MONROE — It might be from an accident. Maybe from a sports injury. Or it just happened. Whatever the cause, knee injuries can seriously sideline your life and your activities; that is, until recently. Today, an array procedures for knee repair can give you back your active life.
Dr. Gregg Berkowitz, a board-certified orthopedic surgeon at Advanced Orthopedics and Sports Medicine Institute, with offices in Freehold and Monroe townships, talked about a cutting-edge procedure in repairing knees that has been gaining popularity recently.
Dr. Berkowitz says, “My patient, a 39-year-old man from Manalapan, was playing soccer for fun on the weekend when he injured his knee. He came to us with pain and we treated it; however, when there wasn’t any improvement after some nonsurgical treatment, it became apparent that he needed surgery.”
Dr. Berkowitz continues, “In this procedure to repair his knee, I took a biopsy of the cartilage and sent it to a laboratory in Cambridge, Massachusetts, where it took several weeks to culture the cells. Once the cartilage cells were ready, I replaced the damaged area in his knee by filling it with these new cartilage cells, which over time will hopefully form new cartilage. Culturing is a very recent cartilage repair technique and is successful because culturing creates the same type of joint cartilage, rather than scar tissue.”
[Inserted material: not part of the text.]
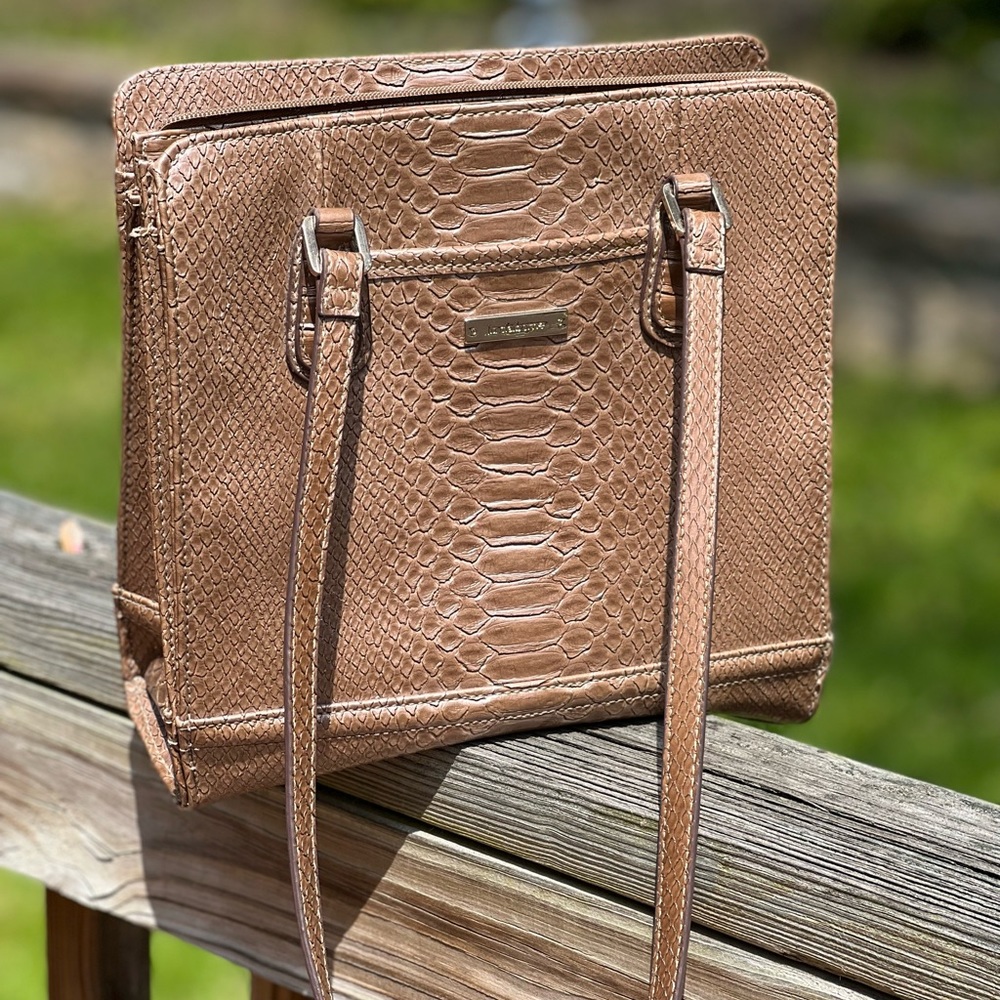 NWOT. Lovely Liz Claiborne shoulder bag.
Right now the patient is on a machine that bends his knee for him in order to regain its mobility. He is on limited weight bearing; but after about six weeks, he will progress into some physical therapy.
This particular surgery, called autologous chondrocyte repair, is one of the newer procedures that is available for certain younger individuals whose injury might result in a loss of cartilage in the knee.
“Cartilage restoration is usually suitable for teens and those up to about age 55. Unfortunately, cartilage restoration is not a viable technique for the Medicare-aged populace, the elderly, or those who might need a partial or total joint replacement,” says Dr. Berkowitz. “Because this technique is used to repair cartilage instead of replacing it with an artificial joint, it works best on younger people.”
“In any procedure available,” says Dr. Berkowitz, “the idea is to try to repair the cartilage area, making it as normal as possible. Growing cartilage cells is only one of the several options available in trying to restore a knee to as close to its normal state as possible, to relieve pain, and to return people to their normal activities. In this situation, the rest of the patient’s knee looked pretty good.”
Although this procedure is new to this area, Dr. Berkowitz has been performing it for about a year. One of the problems in bringing this procedure to patients sooner was getting it recognized as an accepted treatment option for cartilage damage.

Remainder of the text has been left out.